Sonsuzluğun Eşiğinde Sonluluğa Tutunmak




"Sadece seninleyken yalnız olabiliyorum."

Görsel ve Alıntı Metin: Wim Wenders, Wings of Desire, 1987


Bu yazıda, tesirinde uzun bir süre kaldığım, benlik gelişimim adına mühim bulduğum bir rüyaya ve bilgisine, deneyimine pek kıymet verdiğim birisinin bu rüyaya getirdiği değerli yoruma yer vereceğim.

Rüya

Yaşadığım apartmanın önündeki sokaktayım. Sokağı gökten yağan küller doldurmuş. Onları bir görev duygusuyla süpürmeye çalışıyorum. Sokak bomboş. Sadece ben varım. Sonra atmosferin yapısının bozulduğunu ve artık nefes almanın insanları zehirlediğini fark ediyorum. Süpürmeyi durduruyorum. Ağzımı ve burnumu, kar etmeyeceği bilgisi içinde kapatıp asansöre biniyorum. Keşke gaz maskem olsaydı diyorum bir yandan da. Eve çıkınca pencereden yağan külleri izliyorum ve dünyanın sonunun geldiğini düşünüyorum.

Zehirli gazı solumam sebebiyle ateşim yükseliyor. Gittikçe halsizleşiyorum ve ölmek üzere olduğum bilgisini hissediyorum. Yere yığılıyorum. Durumum gitgide daha da ağırlaşıyor. Kabullenmişlik hissediyor, korkmuyorum. Kaçabileceğim bir yer yok. Teslim oluyorum.

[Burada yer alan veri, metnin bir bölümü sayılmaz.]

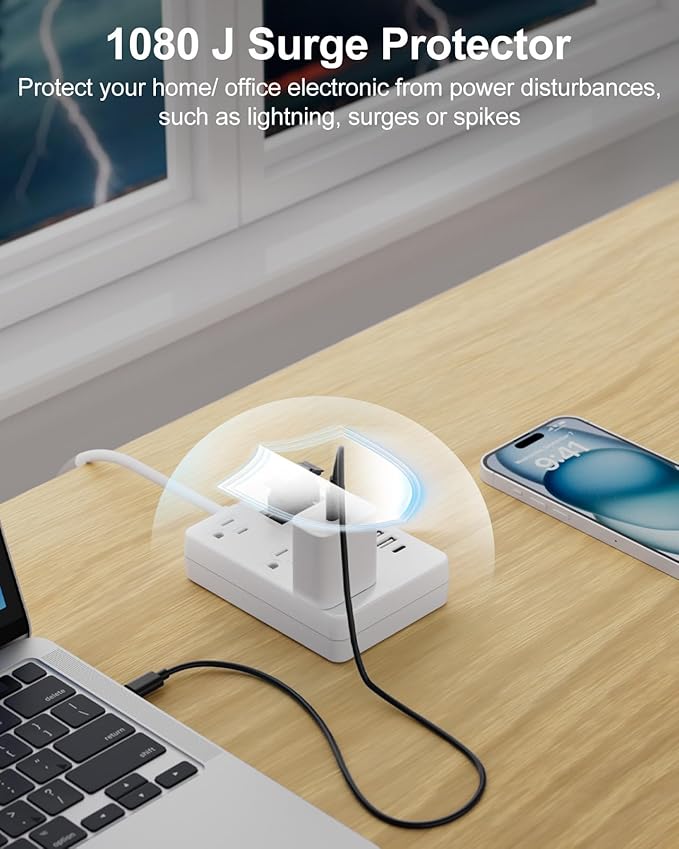 2 Prong Power Strip with USB-C, ROOTOMA 2 Prong to 3 Prong Outlet Adapter, 1080J 2 Prong Surge Protected with 3 Outlet & 4 USB, 3 Prong Adapter 4ft, for Polarized Two Prong Outlet, Old House, White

Ölmek üzereyken tutabileceğim bir nesne arıyorum. Çünkü birazdan bilincimi kaybedeceğim ve sevdiklerimle, dünyayla irtibatım tümden kopacak. Eğer bir nesneye dokunarak ölürsem (aklıma saç tokası geliyor), ölürken ruhumun o cismin içerisine nüfuz edebileceğini ve böylece sevdiklerimin ben öldükten sonra o cisme ne zaman dokunsa benimle, benim de onlarla irtibat kurabileceğimi düşünüyorum. Bu düşüncelerle bilincim kapanıyor.

Yorum

Gökhan, bir terapist olarak değil ama bir dostun olarak bu rüyanın, gelişimin için çok kıymetli olduğunu düşünüyorum. Kierkegaard’ı çok sevdiğimi biliyorsun. Kierkegaard bu rüyanı dinlemiş olsaydı, sana, “Bu rüyan ile felsefemi, anlatmaya çalıştığım neredeyse her şeyi özetlemişsin.” derdi muhtemelen. O, benliği, Ölümcül Hastalık Umutsuzluk’ta sonsuzluk ile sonlunun, geçici ile kalıcının, özgürlük ile zorunluluğun bir sentezi olarak tarif eder. Rüyada Heidegger’in dediği gibi, ölüme doğru bir varlık’sın. Aşama aşama ölümün dehşetini hissediyorsun. Son aşamada tam ölmek üzereyken sonlu bir şeye tutunuyorsun. Kierkegaard Kaygı Kavramı’nda bu sahneyi birebir şöyle anlatır:

Kaygı baş dönmesiyle karşılaştırılabilir. Aşağıya, cehennemin ağzını açmış çukuruna bakan herkesin başı döner. Peki ama neden? Cehennem çukurundan olduğu kadar gözleri yüzünden de. Varsayın ki aşağıya bakmadı: Kaygı, sentez tin tarafından gerçekleştirildiğinde oluşan özgürlüğün baş dönmesidir. Özgürlük aşağıya, kendi olanağına bakar, düşmemek için de sonlu oluşuna tutunur. Özgürlük bu baş dönmesine boyun eğer (…) Tam o anda her şey değişir ve özgürlük yeniden ayağa kalktığında suçlu olduğunu görür.

Ölüm anında yani sonsuzluğun eşiğindeyken tokaya tutunman Kierkegaard'ın da vurguladığı gibi, sonlu olana tutunmak demek. Ama özgürlüğün, sırf bu sebeple ölümünün yarattığı baş dönmesine boyun eğiyor ve buradan suçlu olduğunu görerek ayağa kalkacak. Kierkegaard’a göre ölümün eşiğinde, sonsuzluğun cehennemine bakarken sonlu olan bizi kurtaramaz çünkü. Bana öyle geliyor ki ödevin, ölüme giderken, sonluluğa değil de sonsuzluğa, yani içindeki Tanrı'ya tutunmayı başarmak. Gördüğün rüya, bu hedefe giden bir basamak gibi geldi bana. Bu sadece senin değil; benim, hepimizin ödevi.